AMD Radeon RX 6700 XT vs. 5700 XT: Clock-for-Clock Performance

I went looking for 4K performance charts.

Did you do any testing of this card’s 4K performance vs. the RTX 3090?
 
So it’s an overclock for $80 more?

This card is a festering heap of garbage. It’s not reported here because as is now public knowledge, Techspot is quite strongly biased against Nvidia and for AMD because of the whole Editorialgate. I mean what were the temps of both cards at the same clock speeds? I’d imagine quite similar. But these 6700XT parts are hitting 100C according to other reviewers. I guess that’s what happens if all you do is overclock it over the last generation oh and add some more memory chips. So the card can’t ray trace, it has no DLSS or equivalent, loses to a 3060 ti in a lot of cases (without DLSS), which is cheaper (and cooler) and on top of all of that there are major driver issues surrounding the 6000 series reported by several other tech outlets (AC Valhalla is very unstable I hear for example).

You’re an ***** if you buy this part (you know, if things were normal). Nvidia may be a bag of dicks but that bag of dicks make much better graphics cards than AMD right now.
 
The gpu averages on TechSpot need to be normalized, otherwise they suffer from what in statistics is known as high leverage point. It downweights the games with low fps and I’d argue that it should be exactly the opposite. For example, GPU A achieves 25 and 300 fps in two games we test. GPU B achieves 50 and 250 fps. By average, GPU A is better, but I’d argue that this is misleading and that the average user will see bigger improvement from 25 to 50 fps than from 250 to 300. One way to improve the statistics is to normalize to the fastest card. Then we would have GPU A 50% and 100% and GPU B 100% and 83%. In this case B with average 91% is better than A with 75%.
 
I went looking for 4K performance charts.
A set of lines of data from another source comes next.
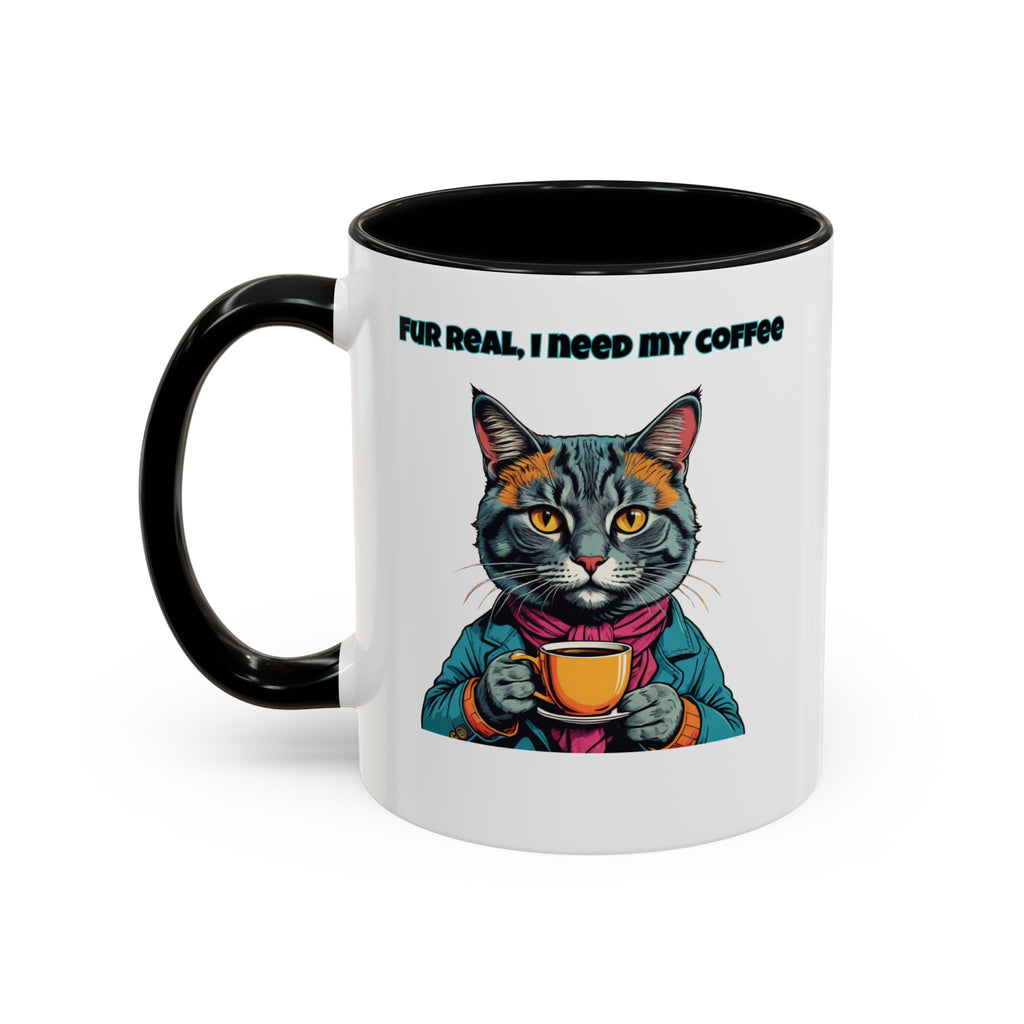 Funny Cat Coffee Mug - Fur Real, I Need My Coffee - 11oz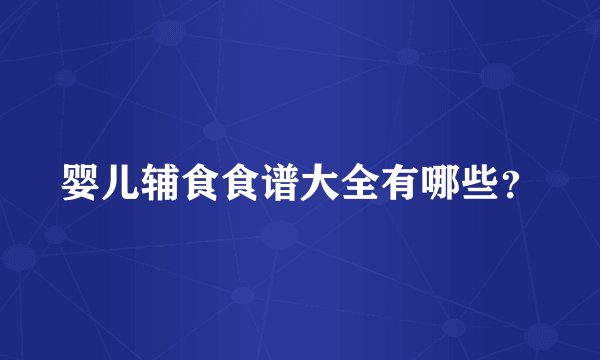 婴儿辅食食谱大全有哪些？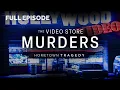 Hometown Tragedy The Store Murders Full Episode Stream free on Very Local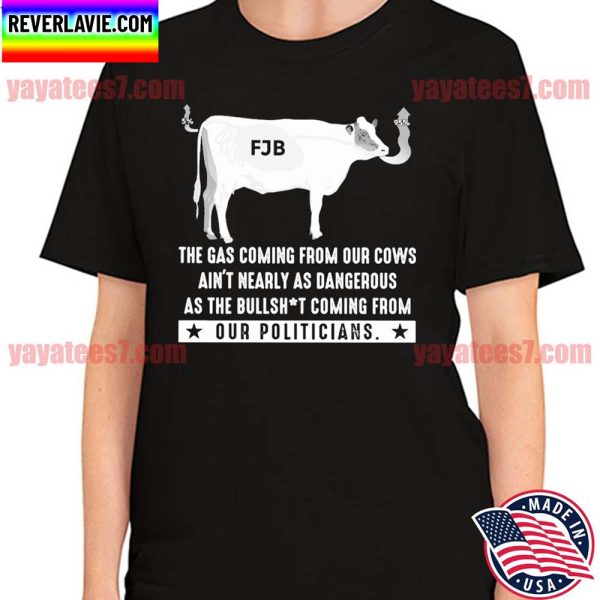 FJB The gas coming from our Cows ain’t nearly as dangerous as the Bullshit coming from our Politicians T-shirt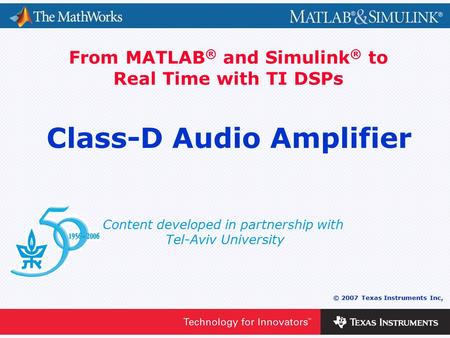 0 - 1 © 2007 Texas Instruments Inc, Content developed in partnership with Tel-Aviv University From MATLAB ® and Simulink ® to Real Time with TI DSPs Class-D.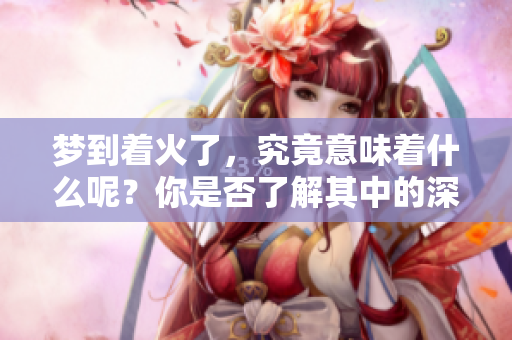 梦到着火了，究竟意味着什么呢？你是否了解其中的深刻寓意呢？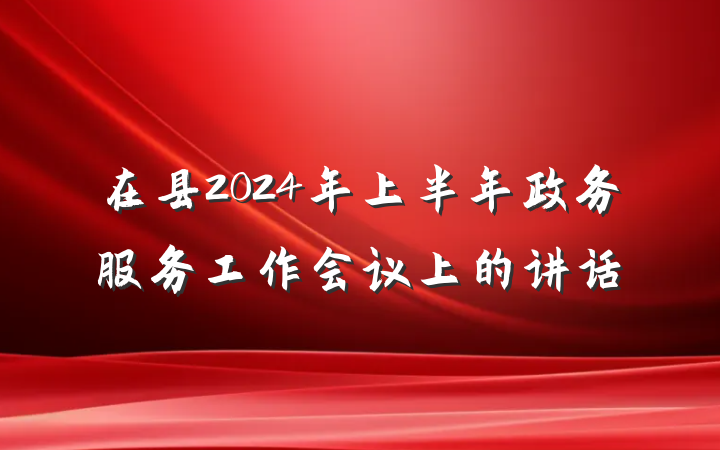在县2024年上半年政务服务工作会议上的讲话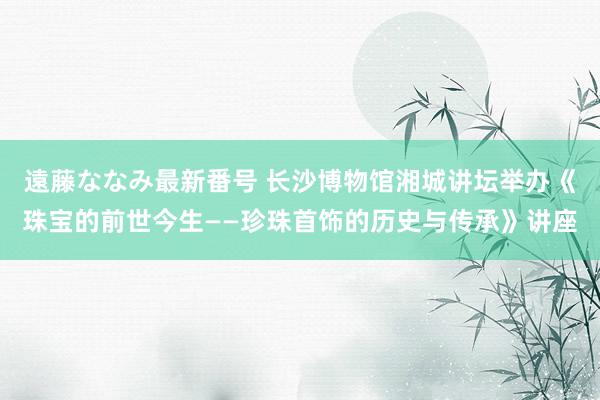 遠藤ななみ最新番号 长沙博物馆湘城讲坛举办《珠宝的前世今生——珍珠首饰的历史与传承》讲座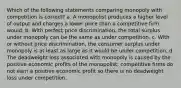 Which of the following statements comparing monopoly with competition is correct? a. A monopolist produces a higher level of output and charges a lower price than a competitive firm would. b. With perfect price discrimination, the total surplus under monopoly can be the same as under competition. c. With or without price discrimination, the consumer surplus under monopoly is at least as large as it would be under competition. d. The deadweight loss associated with monopoly is caused by the positive economic profits of the monopolist; competitive firms do not earn a positive economic profit so there is no deadweight loss under competition.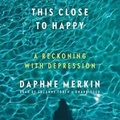 Cover: This Close to Happy - Blackstone Publishing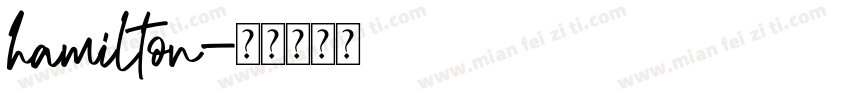 hamilton字体转换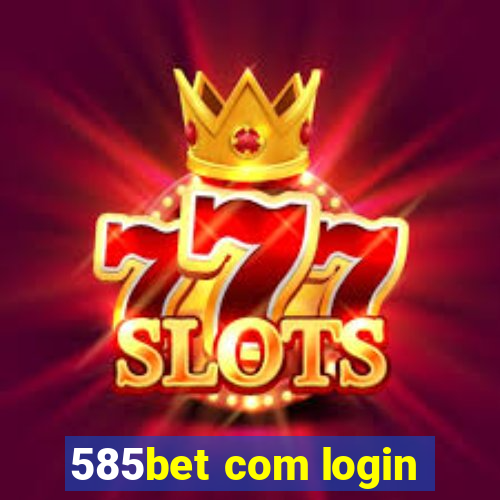 585bet com login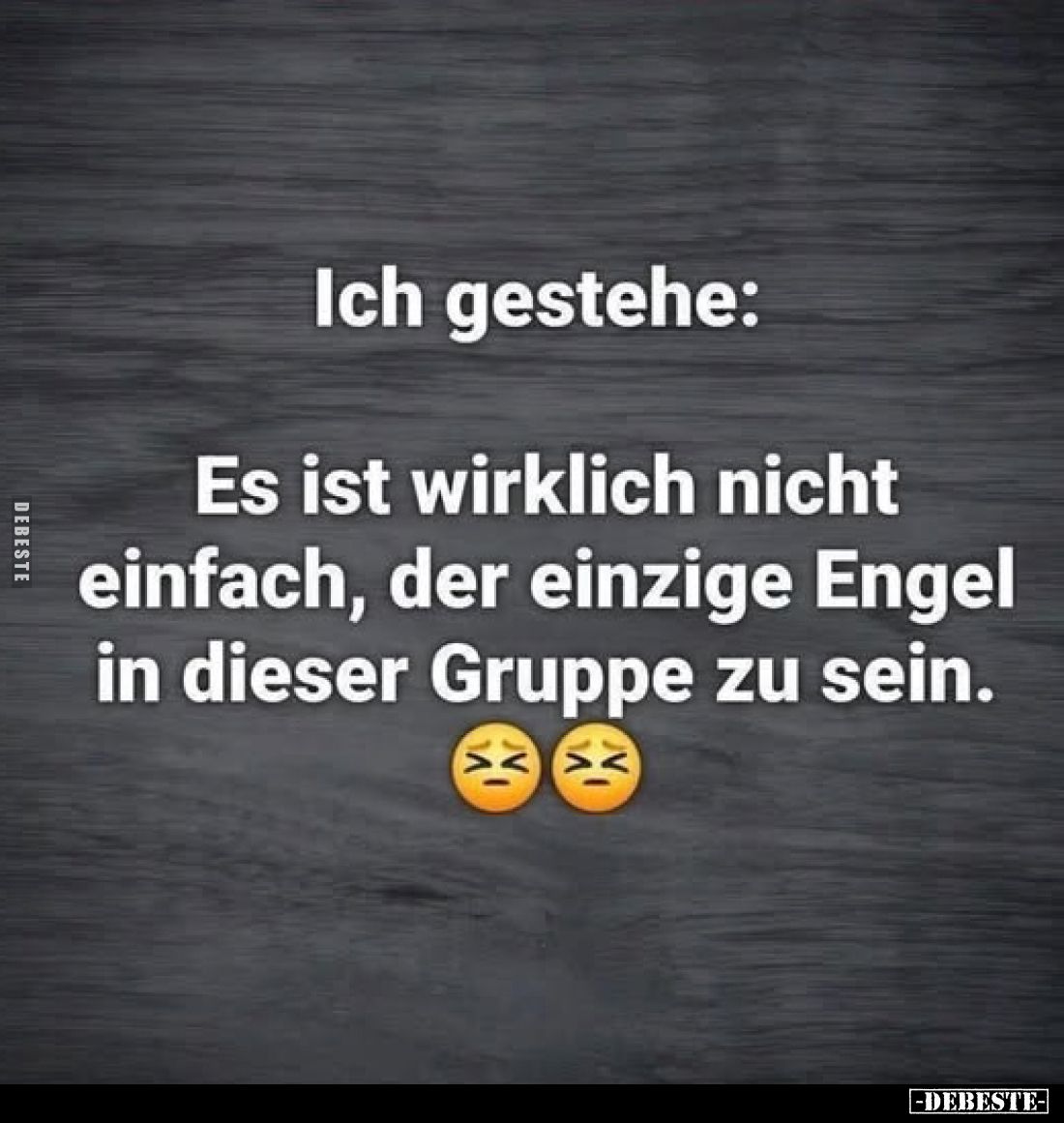 Ich gestehe:
Es ist wirklich nicht einfach, der einzige Engel in dieser Gruppe zu sein.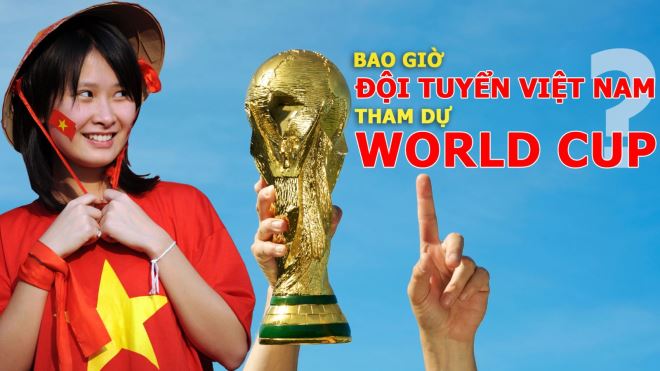 Bao giờ đội tuyển Việt Nam tham dự World Cup?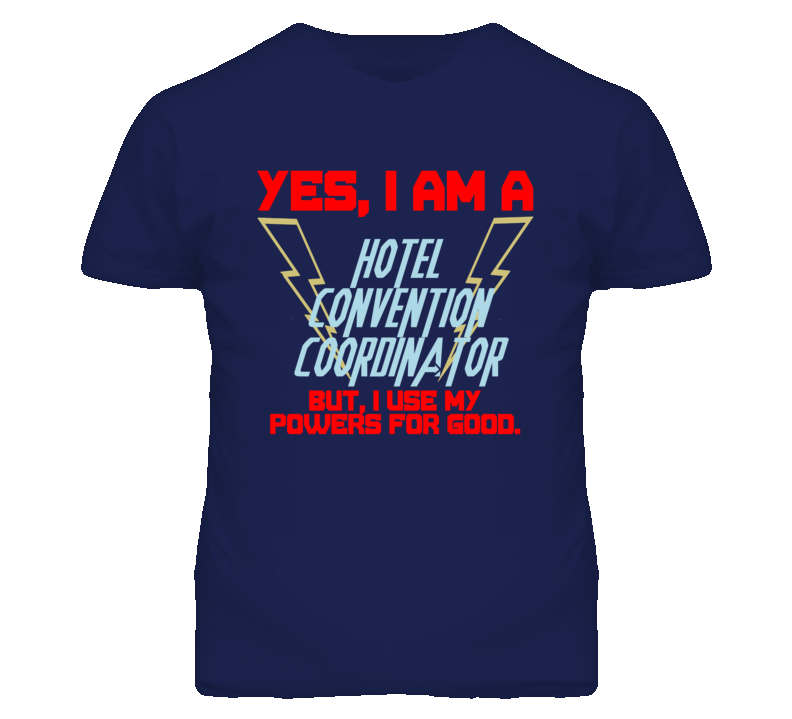 Yes I Am A Hotel Convention Coordinator Funny Powers T Shirt Yes I Am A Hotel Convention Coordinator Funny Powers T Shirt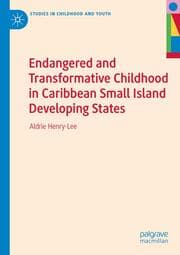 Cover von Endangered and Transformative Childhood in Caribbean Small Island Developing States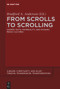 From Scrolls to Scrolling (Sacred Texts, Materiality, and Dynamic Media Cultures) by Bradford A. Anderson, 9783110643602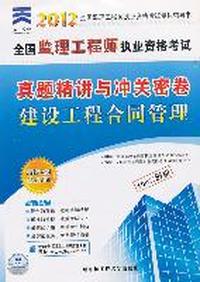 2012 全国监理工程师执业资格考试专用辅导书 全国监理工程师执业考试 真题精讲与冲关密卷 建设工程合同管理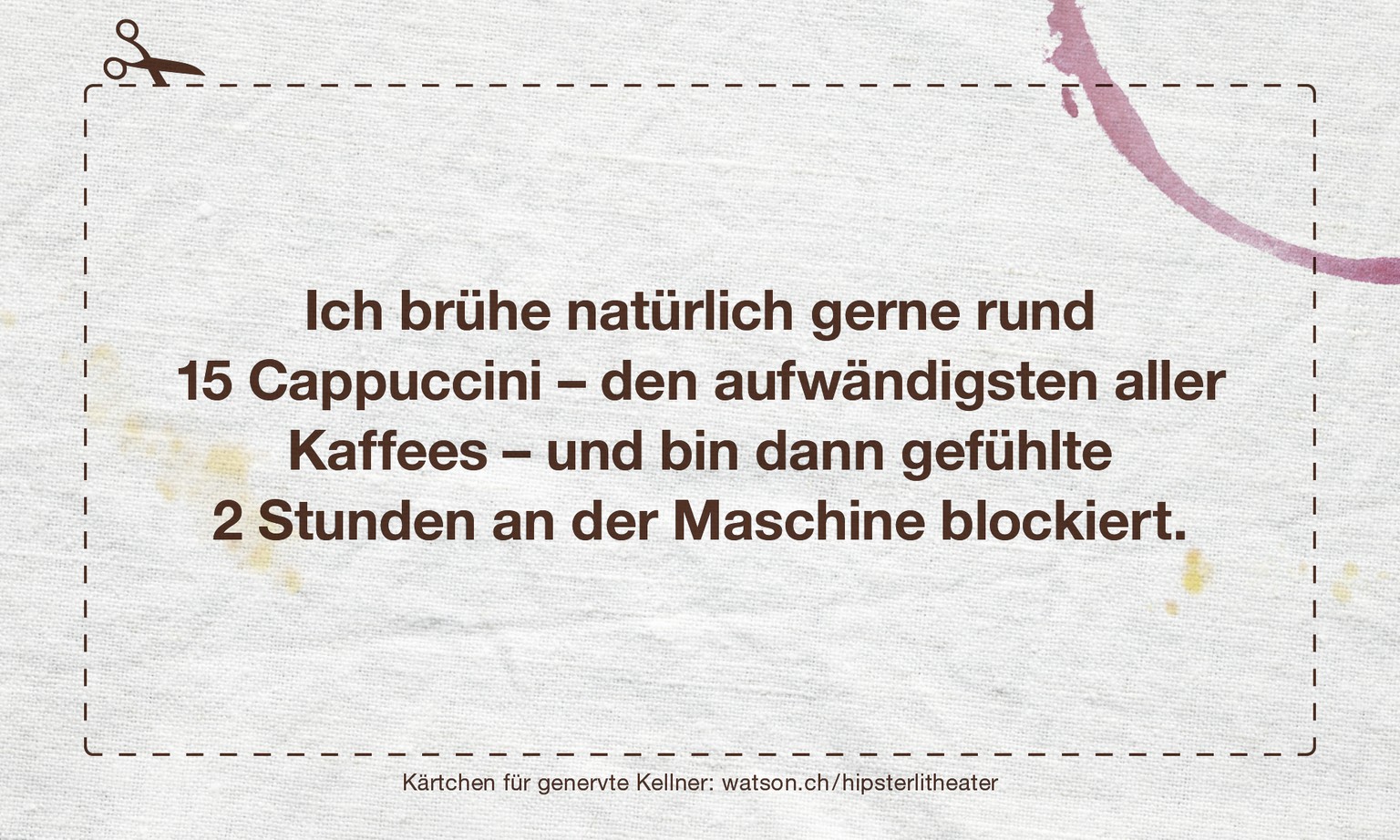 (Klar, kann der Gast nicht wissen, dass Cappuccino so aufwändig ist. Trotzdem.)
Did you do any testing of this card’s 4K performance vs. the RTX 3090?

Uh... did you READ the article?!

How about going back and reading just the first TWO paragraphs!?

After you have done that feel free to circle back and apologize!

(I have no problem with free speech, I DO expect you to take responsibility for exercising the right.)
 
So it’s an overclock for $80 more?

This card is a festering heap of garbage. It’s not reported here because as is now public knowledge, Techspot is quite strongly biased against Nvidia and for AMD because of the whole Editorialgate. I mean what were the temps of both cards at the same clock speeds? I’d imagine quite similar. But these 6700XT parts are hitting 100C according to other reviewers. I guess that’s what happens if all you do is overclock it over the last generation oh and add some more memory chips. So the card can’t ray trace, it has no DLSS or equivalent, loses to a 3060 ti in a lot of cases (without DLSS), which is cheaper (and cooler) and on top of all of that there are major driver issues surrounding the 6000 series reported by several other tech outlets (AC Valhalla is very unstable I hear for example).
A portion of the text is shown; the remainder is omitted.